Segment Start: PROVIDED INFORMATION

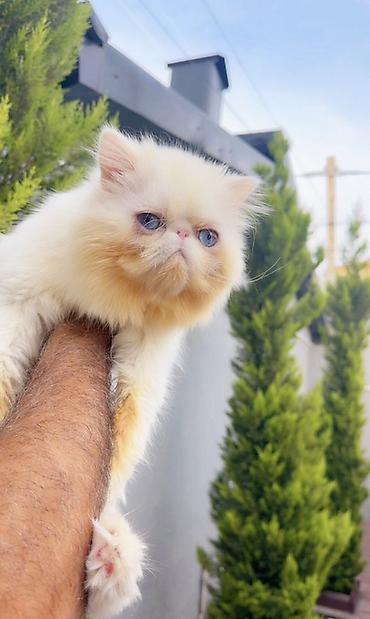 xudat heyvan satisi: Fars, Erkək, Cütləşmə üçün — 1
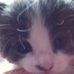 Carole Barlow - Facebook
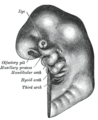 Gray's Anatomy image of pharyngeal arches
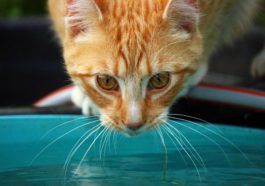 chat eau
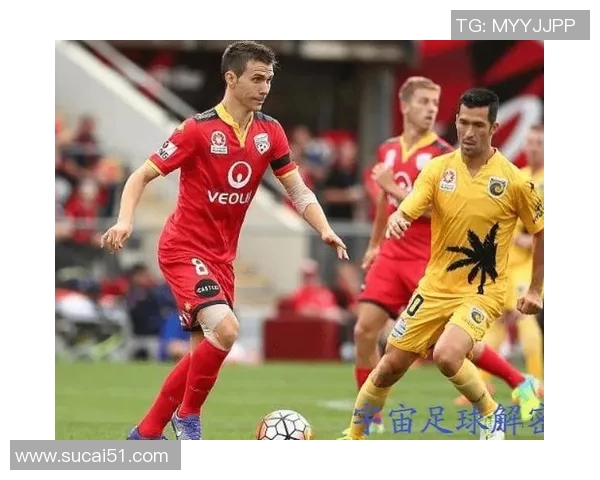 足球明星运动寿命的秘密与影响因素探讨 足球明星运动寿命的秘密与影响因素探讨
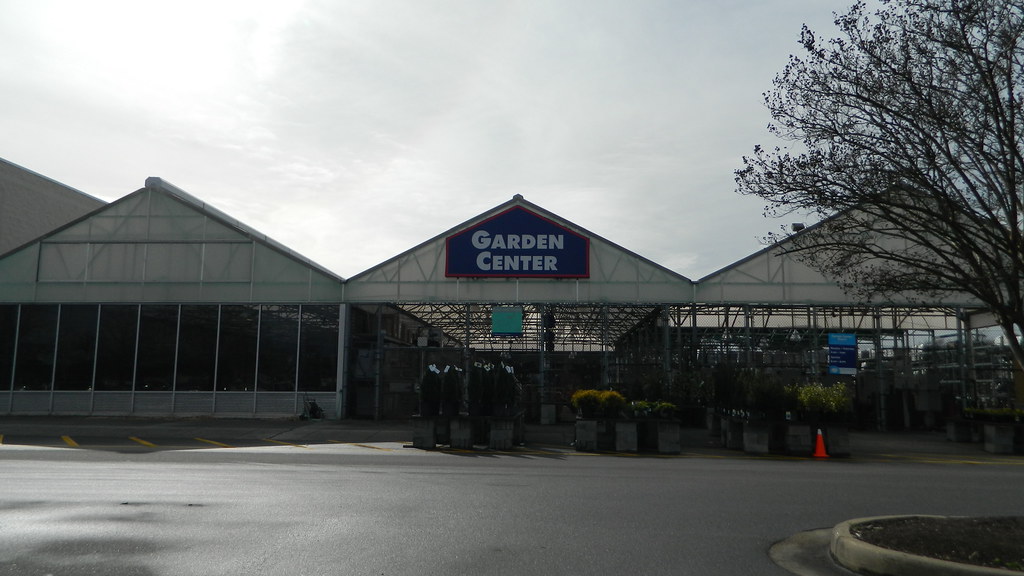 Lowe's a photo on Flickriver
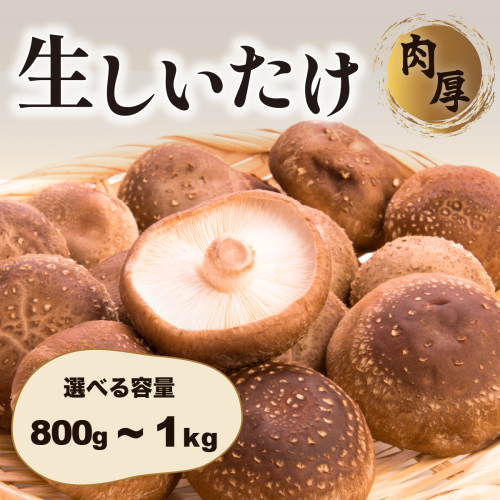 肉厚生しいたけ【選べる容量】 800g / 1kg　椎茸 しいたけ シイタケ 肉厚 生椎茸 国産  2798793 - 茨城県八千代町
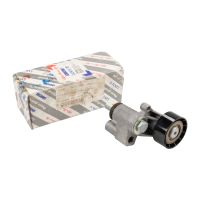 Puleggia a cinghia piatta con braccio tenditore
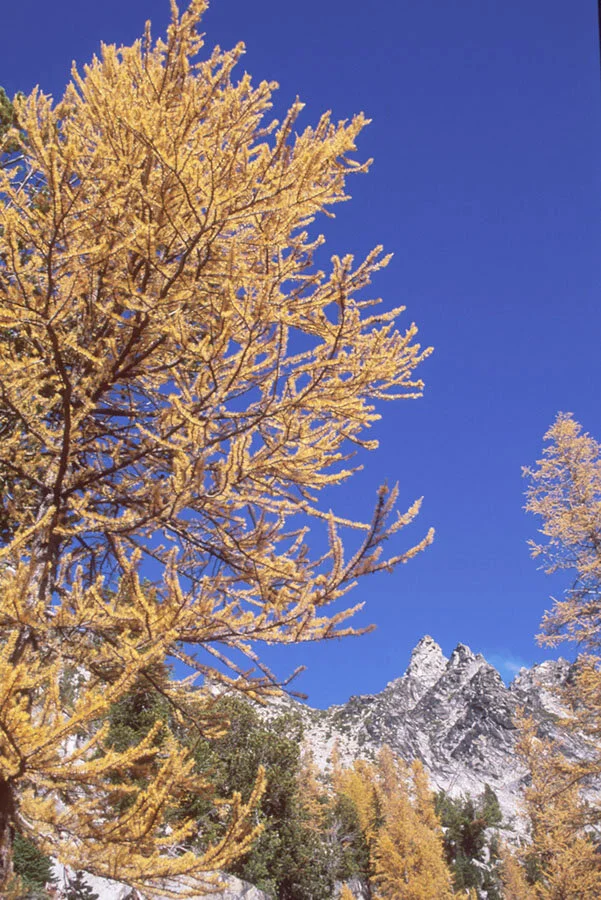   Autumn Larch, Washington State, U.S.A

Segment End: PROVIDED INFORMATION

Output every entry exactly, leaving out pictures.

§ EXPECTED OUTPUT
 xudat heyvan satisi: Fars, Erkək, Cütləşmə üçün — 1
 Carole Barlow - Facebook
 Gray's Anatomy image of pharyngeal arches
 chat eau
 足球明星运动寿命的秘密与影响因素探讨 足球明星运动寿命的秘密与影响因素探讨
 Lowe's a photo on Flickriver
 肉厚生しいたけ【選べる容量】 800g / 1kg　椎茸 しいたけ シイタケ 肉厚 生椎茸 国産  2798793 - 茨城県八千代町
 Puleggia a cinghia piatta con braccio tenditore
   Autumn Larch, Washington State, U.S.A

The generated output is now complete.